Second, blame tech companies themselves for the degree to which modern smartphones CAN track people, and paranoia even beyond that. (Note that Ireland's 37 percent, as the top country on the chart, and Germany's 27 percent, means this one isn't just an American issue.)
Third, blame states for not touting the apps more, with or without Trump and a non-response at the federal level.
• The Observer talks about how the virus has hastened the exposure of crumbling holes in the superstructure of Texas health care and, just as much if not more, in the superstructure of what is allegedly public health in Texas.
• Rice University students have gone low-tech with results. A student community court tries students accused of violating mask and social distance rules.
• The Cut offers a story of a person seeing their grandfather die, and calling out Dan Patrick and his "duty to die," who actually is nothing compared to the editor of First Things, who this spring dove DEEP into the empty pool of Religious Right wingnuttery, Catholic division, claiming that the degree some people were going to save lives was "demonic." No, really. I hadn't realized until reading this JUST how much Conservative Cafeteria Catholics had sold their souls.
• Skeptical Raptor says pump the brakes on Pfizer's potential vaccine. Beyond the "peer review by PR," he of course says lets get some real peer review. And, that -100F (-75C) storage requirement? Rural areas in the US likely out. Tropical areas around the world likely out.
• That's as Moderna says: "Our PR staff says that our vaccine is just as good as Pfizer's PR staff says its vaccine is." The MSM is idiots about more than politics.
• For the second time in a month, I've called out NYT science writer
Carl Zimmer for printing PR. And, again, suggested he needs to read
Skeptical Raptor, Orac and the like before writing. It's a sad thing
that it's happened twice now, not just once.
• ProPublica says pump the brakes on rapid antigen tests, held out as the hope for all sorts of things, such as the NBA having fans at games in its new season. Currently, they're riddled with false positives and can be misleading if not used carefully and correctly.
• Costco has eliminated medical exemption claims loopholes.
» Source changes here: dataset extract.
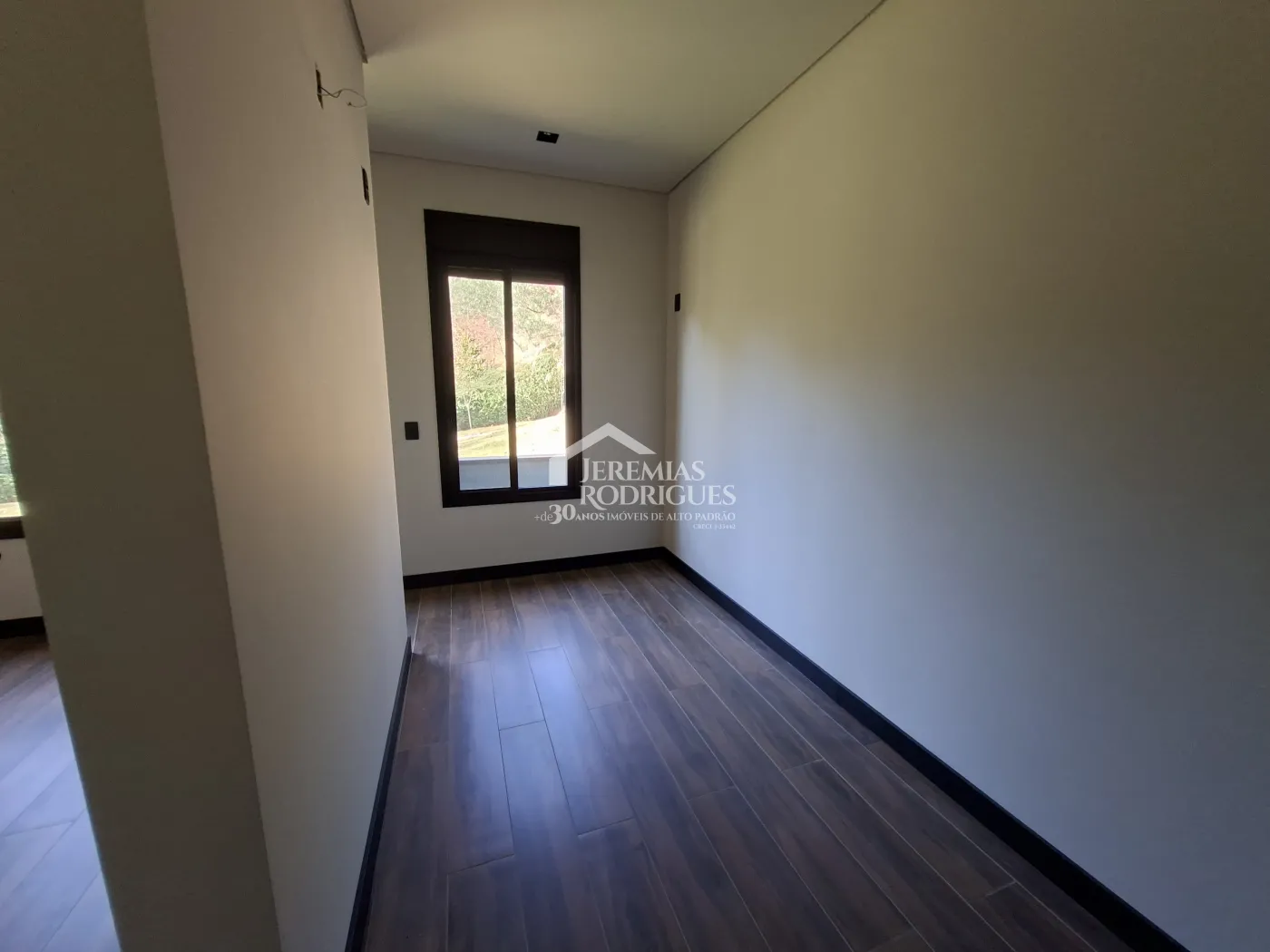 Casa à venda com 4 dormitórios, no Condomínio Parque da Mantiqueira em Santo Antônio do Pinhal/SP.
You wanna shop there? Wear a damn mask. Per my boycotts and semi-boycotts, all retailers that offer pickup or delivery service should do this.
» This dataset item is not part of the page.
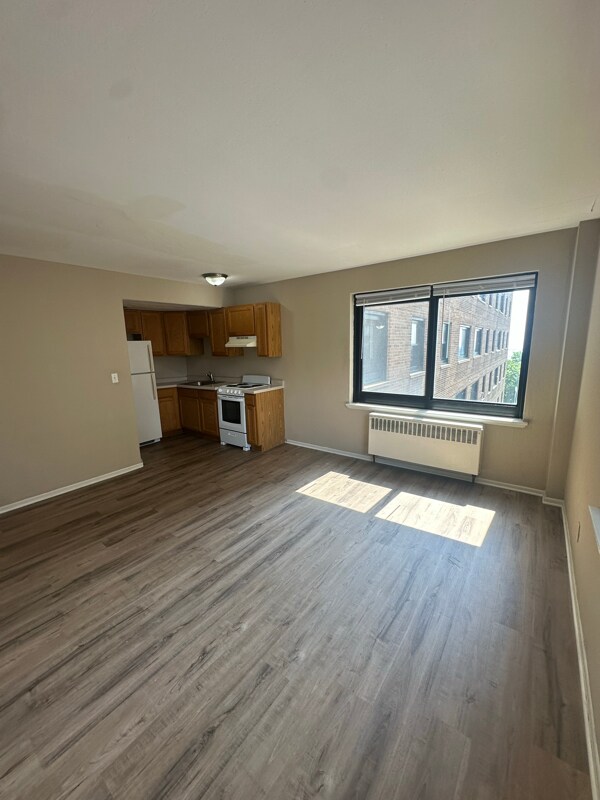 Foto del edificio - 1646 N Prospect Ave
• Chiropractors were HUGE antivaxxers when the polio vaccine came out. Why? IMO, a mix of true belief in the pseudomedicine claims for chiropractic and, per we journos, follow the money.
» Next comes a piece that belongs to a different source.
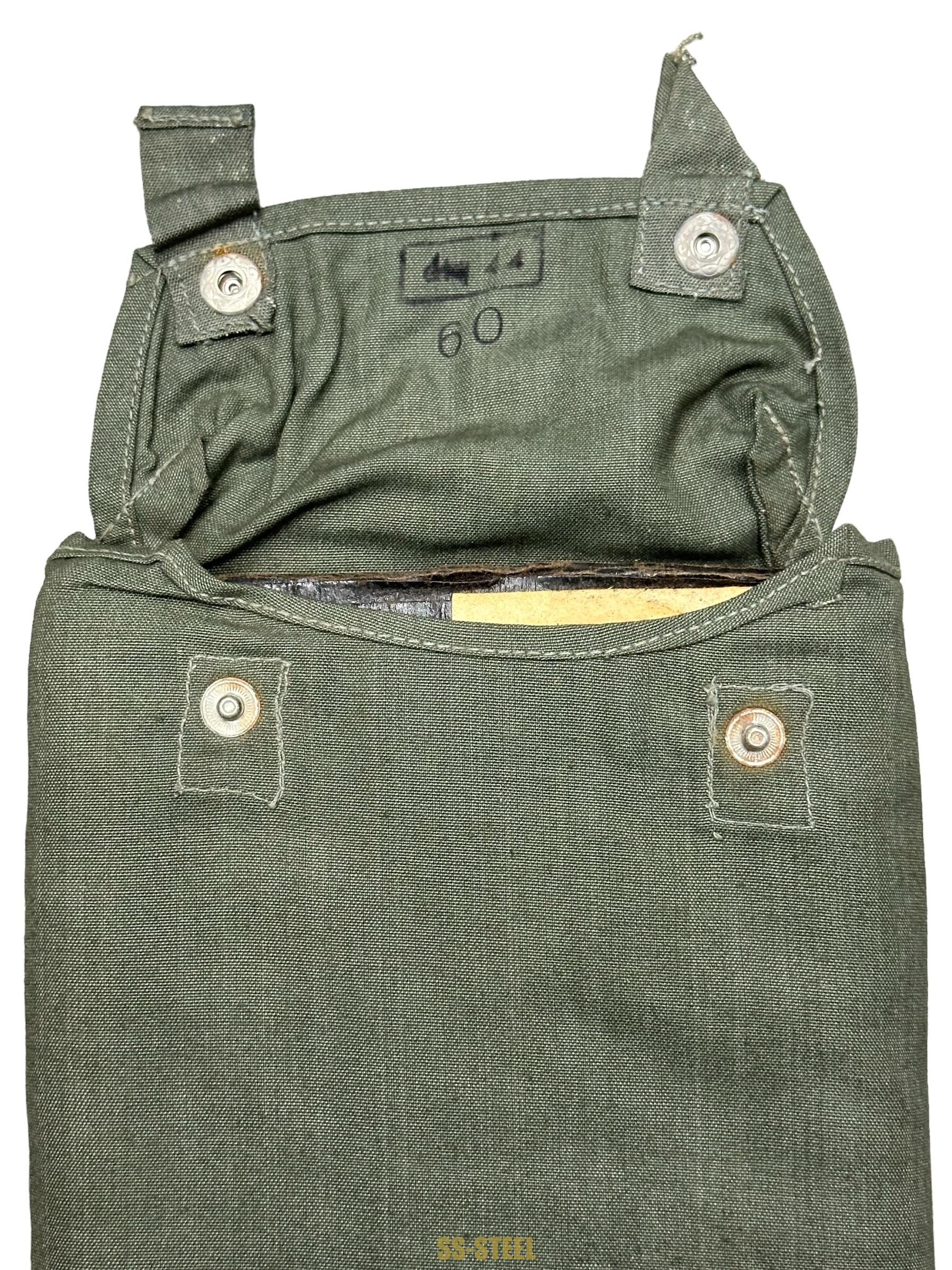 Mint, Complete Wehrmacht Gascape - Image 4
• Silver lining news, sadly temporary? The city of San Antonio has temporarily let kayakers and canoers use the Riverwalk area of the San Antonio River.
• Gov. Noem continues to death-wish the people of South Dakota even as she and her press secretary flunky claim she's presented the "full scope of the science" to residents. Nope. She lies about masks even as deaths soar.
• Mink coronavirus is a thing, but contra Counterpunch (not linking!) seemingly less of a thing than the mag claims.
• The US is now past 250,000 deaths. Will we hit 300,000 before the end of the year? Quite possibly. Zeynef Tufecki is the latest to sound the holidays alarm.